Saucier provides that prior law clearly establishes a right when the facts of the precedential case are “not distinguishable in a fair way from facts presented in the case at hand.” 533 U.S. at 202. But even where a plaintiff has alleged violations of a clearly established right, the government official is still entitled to qualified immunity if he or she made a reasonable mistake as to what the law requires. See Id. at 205. Put another way, the test is whether the officer had “fair warning” that his actions were impermissible. Hope v. Pelzer, 536 U.S. 730, 741 (2002). The plaintiff bears the burden of proving that the right allegedly violated was clearly established at the time of the violation; if the plaintiff meets this burden, then the defendant bears the burden of establishing that the defendant reasonably believed the alleged conduct was lawful. See Sorrels v. McKee, 290 F.3d 965, 969 (9th Cir. 2002).

The closest precedent the Court could locate to the circumstances presented here is Young v. County of Los Angeles, 655 F.3d 1156 (9th Cir. 2011). In Young, the plaintiff was stopped for a traffic violation. Id. at 1159. He refused to follow the defendant police officer’s directive to return to his vehicle but offered no physical resistance, and the court found he did not pose a physical threat to the defendant. Id. Nonetheless, the defendant pepper sprayed the plaintiff and allegedly struck him with a police baton at least ten times, including at least once after the plaintiff had lain down on the ground. Id. at 1160. In concluding that the defendant had violated the plaintiff’s constitutional rights through the use of excessive force, the court in Young found first that both the pepper spray and the baton blows “are regarded as ‘intermediate force’ that, while less severe than deadly force, nonetheless present a significant intrusion upon an individual’s liberty interests.” Id. at 1161. The court also found that, based on the application of pepper spray and the multiple strikes with the baton, the amount of force used in the case was significant as well, and that the type and amount of force used must be justified by a “commensurately serious state interest.” Id. at 1162-63. The court in Young concluded that the state interest was not commensurately serious, observing, among other factors, that the plaintiff, when sprayed and struck by the baton, did not pose an immediate threat to the safety of the officer or others, and that he was not actively resisting arrest or attempting to evade arrest by flight. Id. at 1163. In balancing the governmental interest presented against the nature of intrusion against the plaintiff, the court in Young concluded that the force used by defendant was excessive and in violation of the Fourth Amendment. Id. at 1166.
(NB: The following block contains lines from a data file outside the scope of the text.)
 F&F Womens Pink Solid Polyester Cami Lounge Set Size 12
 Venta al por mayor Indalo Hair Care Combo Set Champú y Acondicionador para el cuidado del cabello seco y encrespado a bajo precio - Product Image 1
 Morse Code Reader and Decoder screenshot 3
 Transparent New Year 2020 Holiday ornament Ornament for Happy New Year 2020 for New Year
The present case is distinguishable from Young in that here, there was no pepper spray deployed, and rather than multiple baton blows intentionally inflicted, including one after the plaintiff in Young had lain down in compliance with the officer’s directive, there was only one baton blow. Importantly, that blow was intended to shatter the car window and effect entry to Plaintiff’s locked car, and Plaintiff neither alleges nor otherwise argues that it was intended for his head or any other part of him. Rather, as Plaintiff offers in his exhibits underlying his controverting statements of fact, Defendant Maksimuk delivered two baton blows to shatter the car window; the first did not succeed. When the second one did, he stopped striking and cleared the glass. (Doc. 81 at 48.)
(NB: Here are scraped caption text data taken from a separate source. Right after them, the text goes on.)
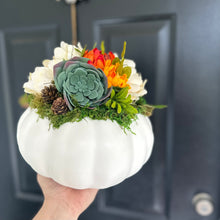 Load image into Gallery viewer, Faux Succulent Pumpkins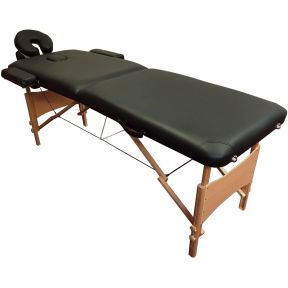 Premium Portable Massage Couch Black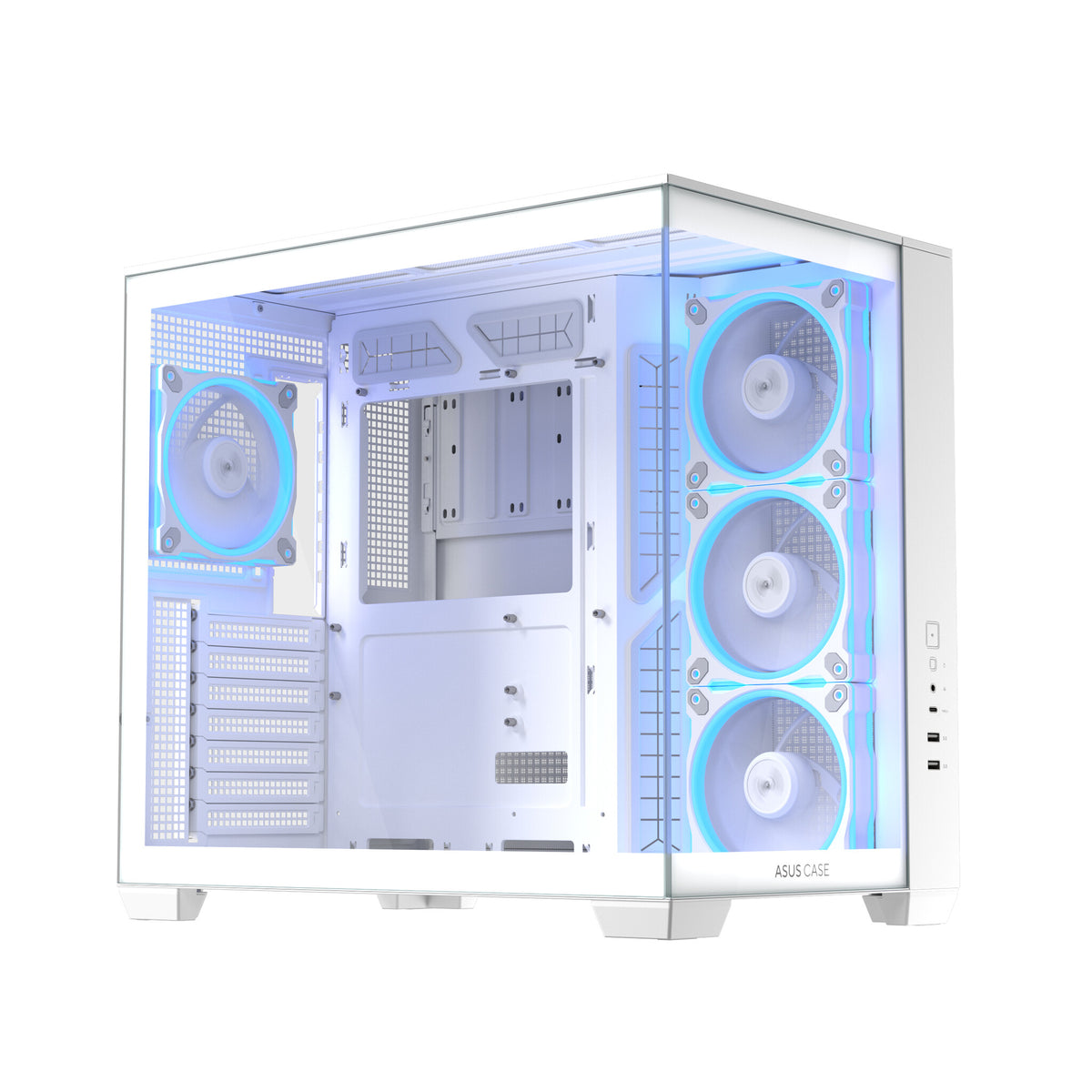 ASUS A32 Plus TG ARGB White Midi Tower Vit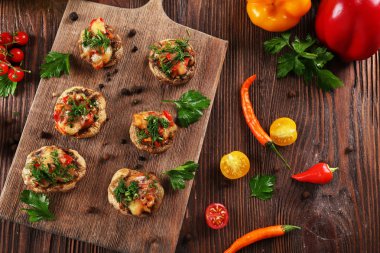 lezzetli mantar dolması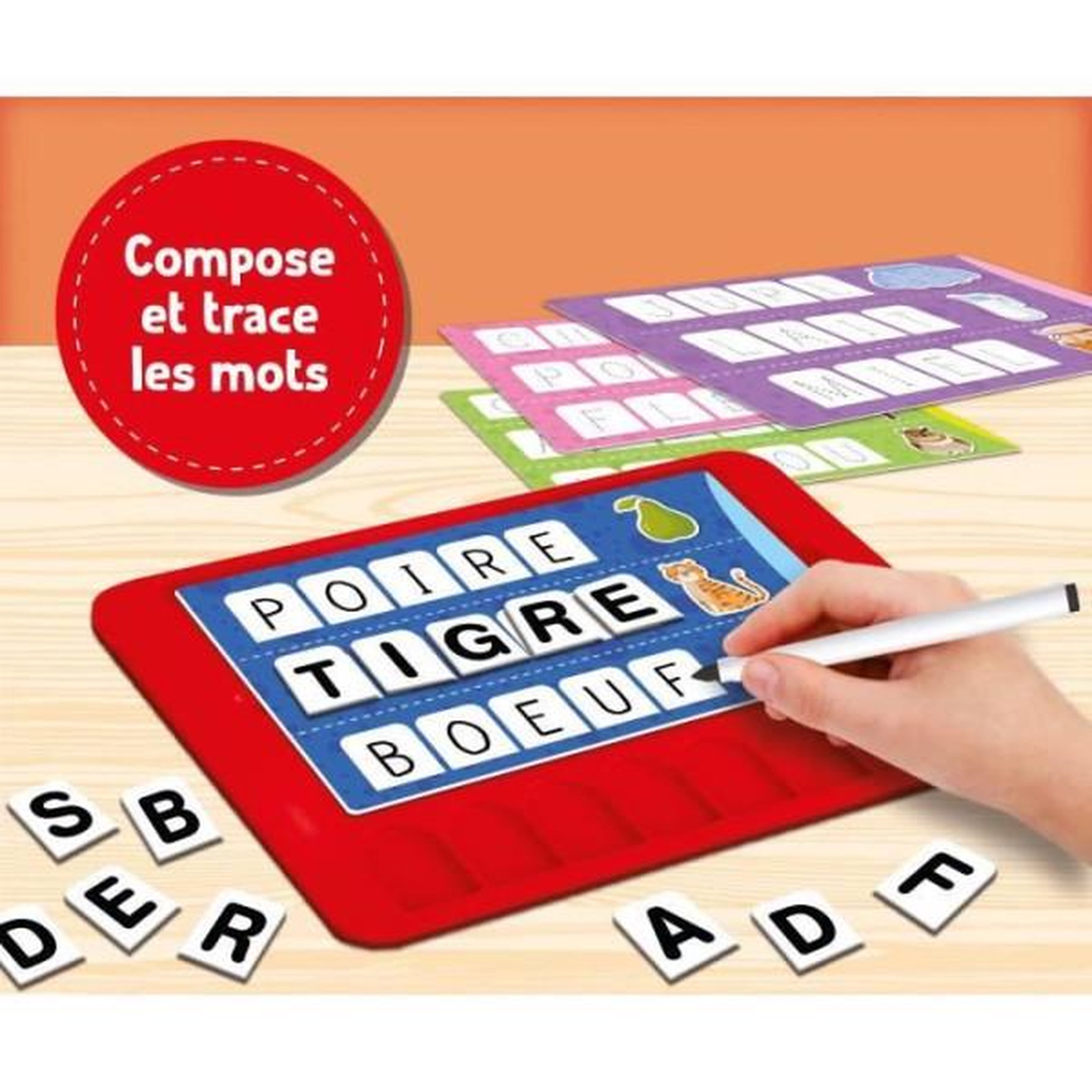 Voir la diapositive 4 : LISCIANI GIOCHI Tablette écritoire Carotina pour enrichir le vocabulaire - LISCIANI - Lumineuse et parlante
In light of these significant factual distinctions, and the absence of any other controlling case law more on point, it cannot be said that Plaintiff’s right to be free from a single baton strike, delivered to shatter his window and gain entry to his car and effect a lawful arrest, was a clearly established right. And if such was a clearly established right, the factual differences between the precedent provided in Young and the instant case would make it very “difficult for [Defendant] to determine how the relevant legal doctrine [] will apply to the factual situation [he] confront[ed].” See Saucier, 533 U.S. at 205. Thus, Defendant Maksimuk’s decision to swing the baton to gain entry to the car where that strike might also hit Plaintiff, even if he was mistaken as to its constitutionality, was a reasonable mistake.[4] Defendants are entitled to qualified immunity for the baton strike that allegedly hit Plaintiff in the cheek.

B. Actions 2 and 3 - Pulling Plaintiff from the Car, Throwing Him to the Ground and Pinning Him with Knees to ...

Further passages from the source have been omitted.